Amazing Love on the Cross

by | IMHO Blog

All they that see me laugh me to scorn: they shoot out the lip, they shake the head. (Psalm 22:7 KJV)

Charles Haddon Spurgeon, the renowned 19th century preacher, captures God’s love on the cross. Using “ye old Englishe” style, the message comes through loud and clear.

“Mockery was a great ingredient in our Lord’s woe. Judas mocked him in the garden; the chief priests and scribes laughed him to scorn; Herod set him at nought; the servants and the soldiers jeered at him, and brutally insulted him; Pilate and his guards ridiculed his royalty; and on the tree all sorts of horrid jests and hideous taunts were hurled at him. Ridicule is always hard to bear, but when we are in intense pain it is so heartless, so cruel, that it cuts us to the quick.

“Imagine the Saviour crucified, racked with anguish far beyond all mortal guess, and then picture that motley multitude, all wagging their heads or thrusting out the lip in bitterest contempt of one poor suffering victim! Surely there must have been something more in the crucified One than they could see, or else such a great and mingled crowd would not unanimously have honoured him with such contempt. Was it not evil confessing, in the very moment of its greatest apparent triumph, that after all it could do no more than mock at that victorious goodness which was then reigning on the cross?

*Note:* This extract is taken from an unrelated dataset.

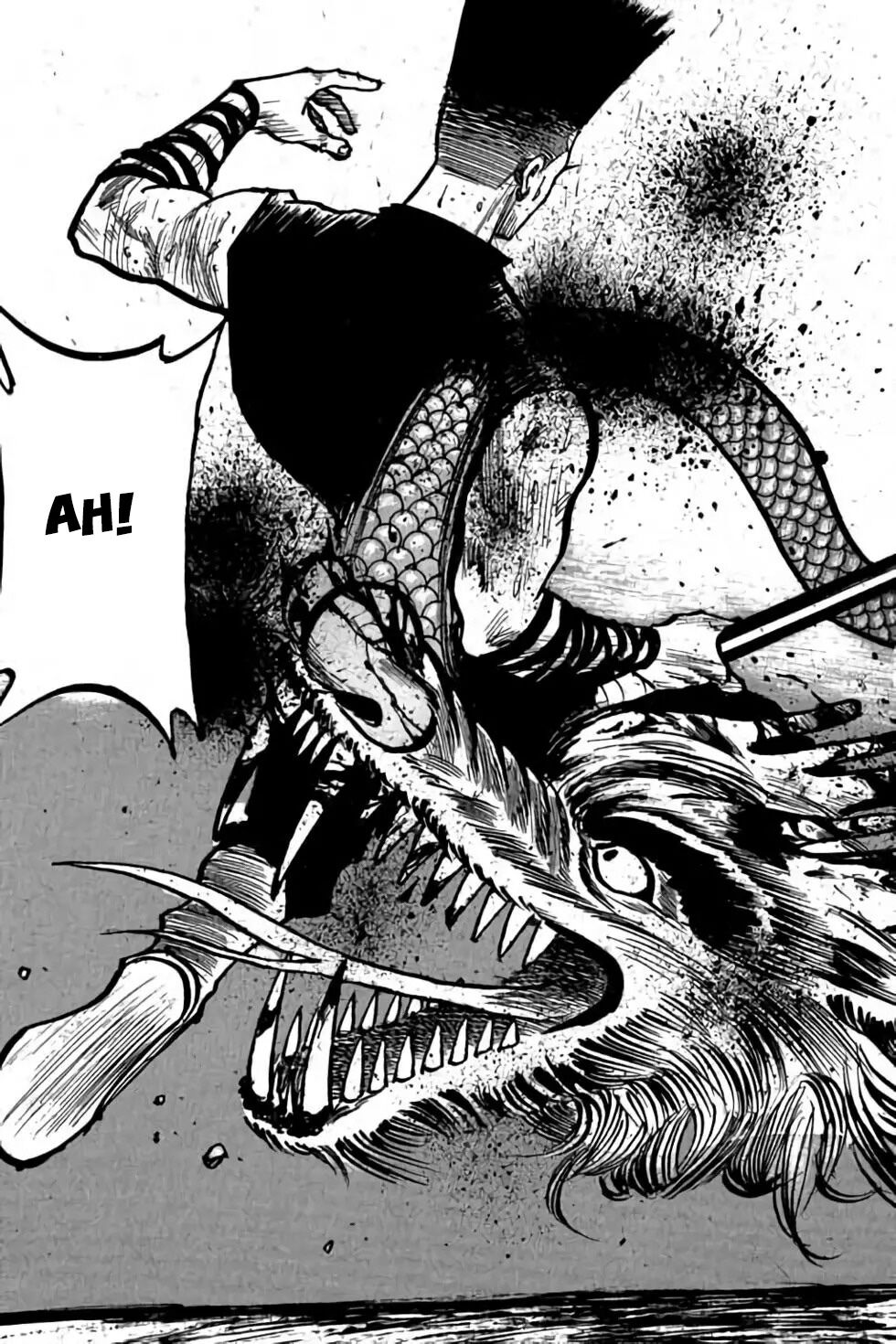 Hiệp Vương Liêu Thiêm Đinh: Chapter 83: Huyết chiến Chiến Long Sứ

“O Jesus, ‘despised and rejected of men,’ how couldst thou die for men who treated thee so ill? Herein is love amazing, love divine, yea, love beyond degree. We, too, have despised thee in the days of our unregeneracy, and even since our new birth we have set the world on high in our hearts, and yet thou bleedest to heal our wounds, and diest to give us life. O that we could set thee on a glorious high throne in all men’s hearts! We would ring out thy praises over land and sea till men should as universally adore as once they did unanimously reject.”

“Thy creatures wrong thee, O thou sovereign God! 
Thou art not loved, because not understood:
This grieves me most, that vain pursuits beguile
Ungrateful men, regardless of thy smile.”[1]

[1]Spurgeon, C. H. (1896). Morning and evening: Daily readings. Passmore & Alabaster.